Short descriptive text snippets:
──────────────────────────────
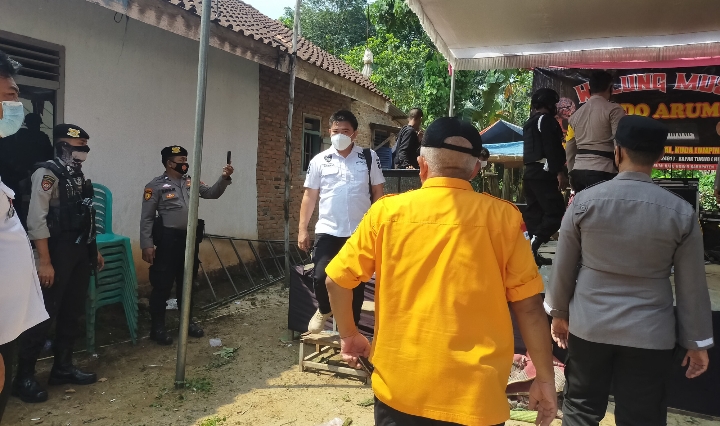 BREAKING NEWS: Polisi Bubarkan Kuda Kepang di Bumi Ratunuban Lamteng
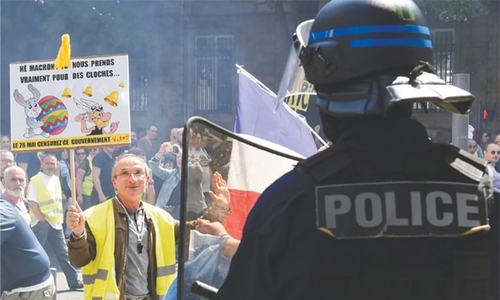 Yellow vest anger burns in France, fuelled by Notre Dame fire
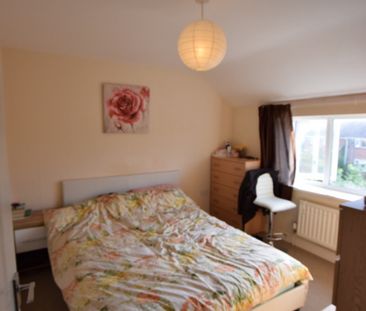 1 bed Apartment - To Let - Photo 4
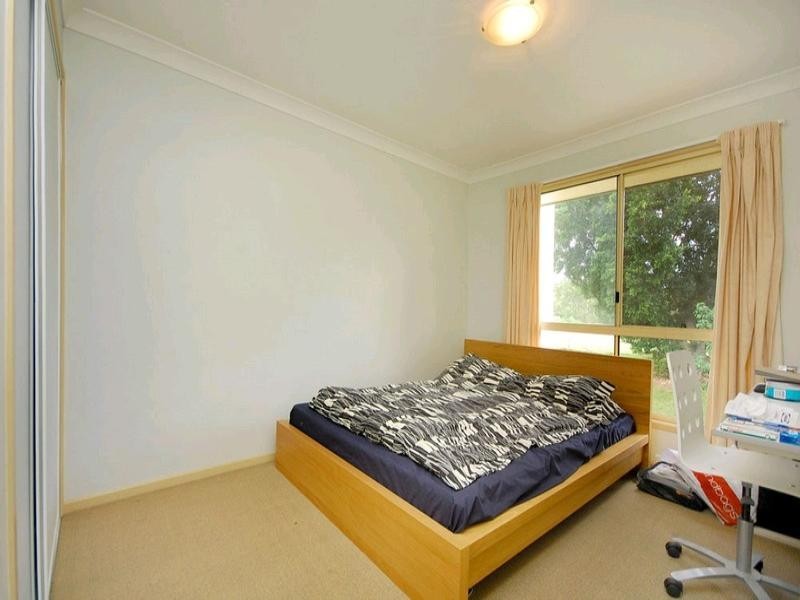 18/47 Newcomen Street, Indooroopilly QLD 4068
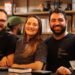 Flávio Camargos, Nayara Chaves e Matheus Maciel, fundadores da cafeteria de Salvador Do Coado ao Espresso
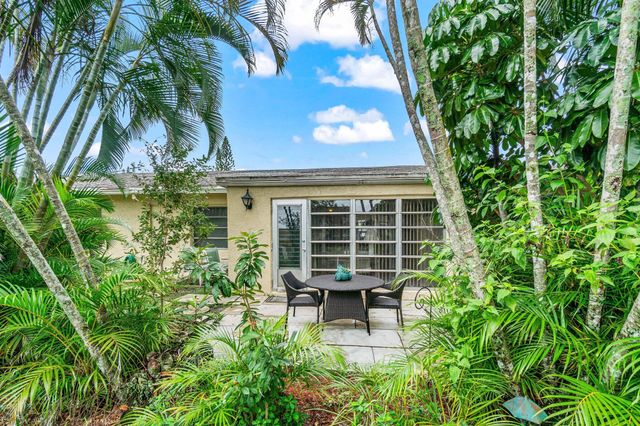 13735 Flora Place B, Delray Beach, FL 33484
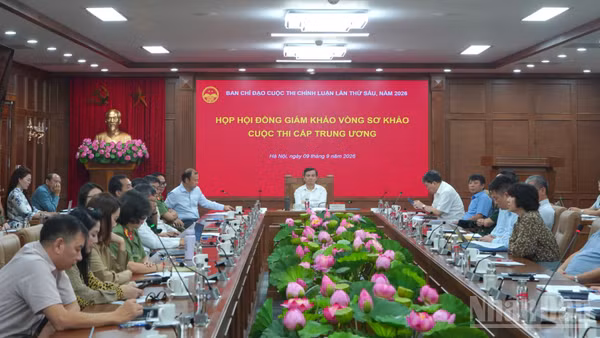 Ban Chỉ đạo Cuộc thi chính luận lần thứ sáu tiến hành họp Hội đồng giám khảo vòng sơ khảo cuộc thi. (Ảnh: HẢI ĐĂNG)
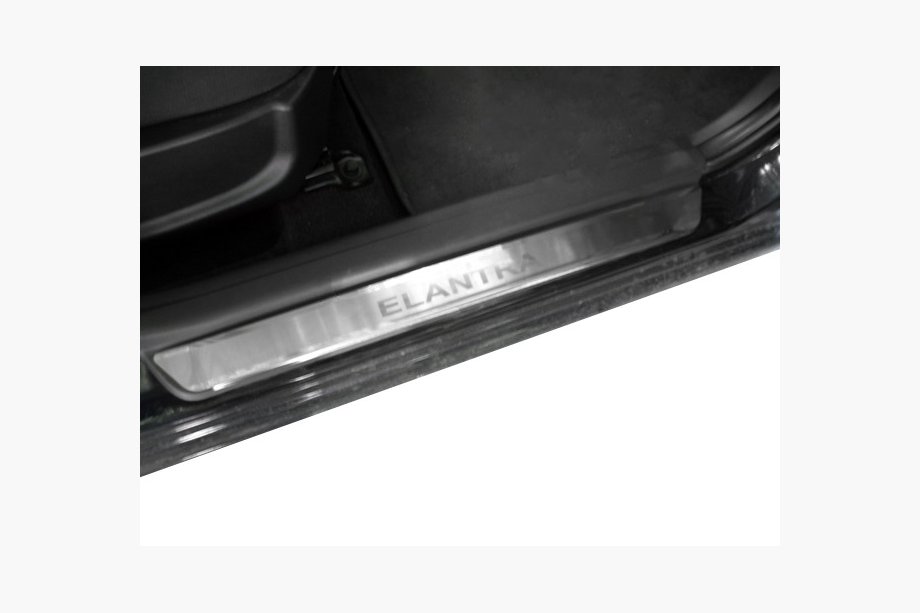 Hyundai Elantra (HD) 2006–2011 Nerjaveče letve pragov Nataniko (4 kosi) Image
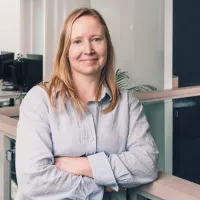 Nainen miettii yrittäjän tärkeitä lukuja 2026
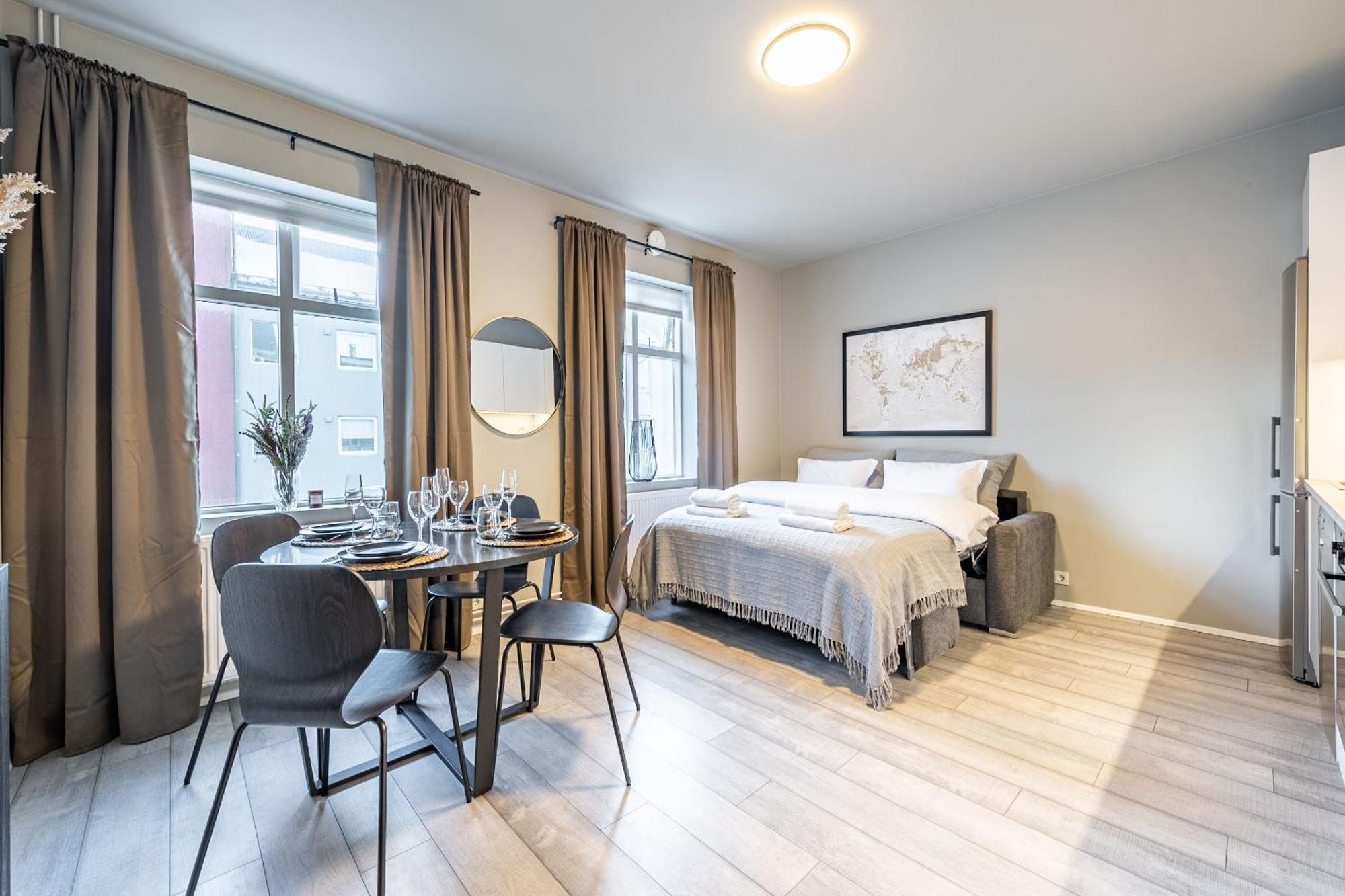 Astro Laugavegur Apartment Reykjavik Ngoại thất bức ảnh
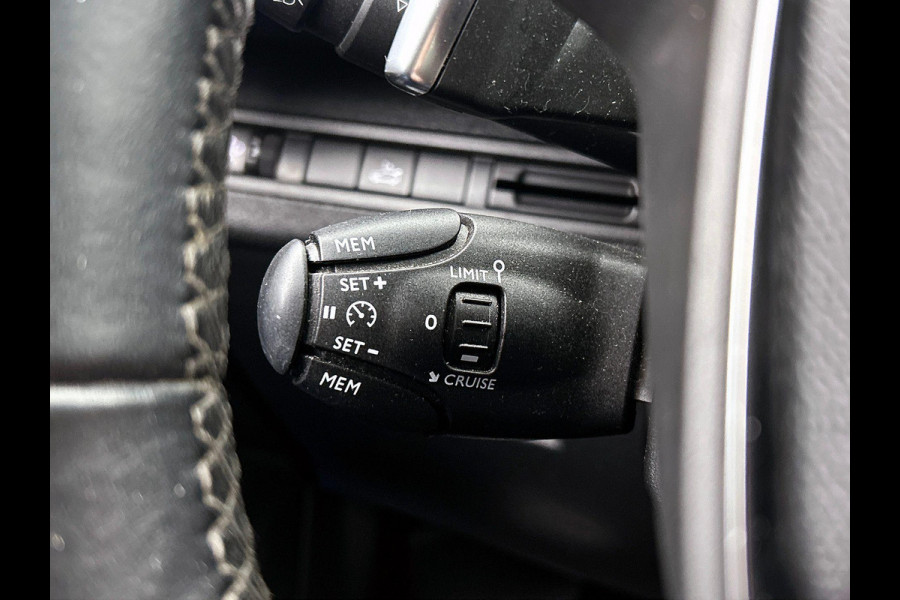 Peugeot 3008 1.2 PureTech Première PANO | TREKHAAK | CARPLAY & NAVI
──────────────────────────────
### Exercise prompt
Output all of the records word for word, and keep the pictures out of the copy.

### The completed task
 BREAKING NEWS: Polisi Bubarkan Kuda Kepang di Bumi Ratunuban Lamteng
 Yellow vest anger burns in France, fuelled by Notre Dame fire
 1 bed Apartment - To Let - Photo 4
 18/47 Newcomen Street, Indooroopilly QLD 4068
 Flávio Camargos, Nayara Chaves e Matheus Maciel, fundadores da cafeteria de Salvador Do Coado ao Espresso
 13735 Flora Place B, Delray Beach, FL 33484
 Ban Chỉ đạo Cuộc thi chính luận lần thứ sáu tiến hành họp Hội đồng giám khảo vòng sơ khảo cuộc thi. (Ảnh: HẢI ĐĂNG)
 Hyundai Elantra (HD) 2006–2011 Nerjaveče letve pragov Nataniko (4 kosi) Image
 Nainen miettii yrittäjän tärkeitä lukuja 2026
 Astro Laugavegur Apartment Reykjavik Ngoại thất bức ảnh
 Peugeot 3008 1.2 PureTech Première PANO | TREKHAAK | CARPLAY & NAVI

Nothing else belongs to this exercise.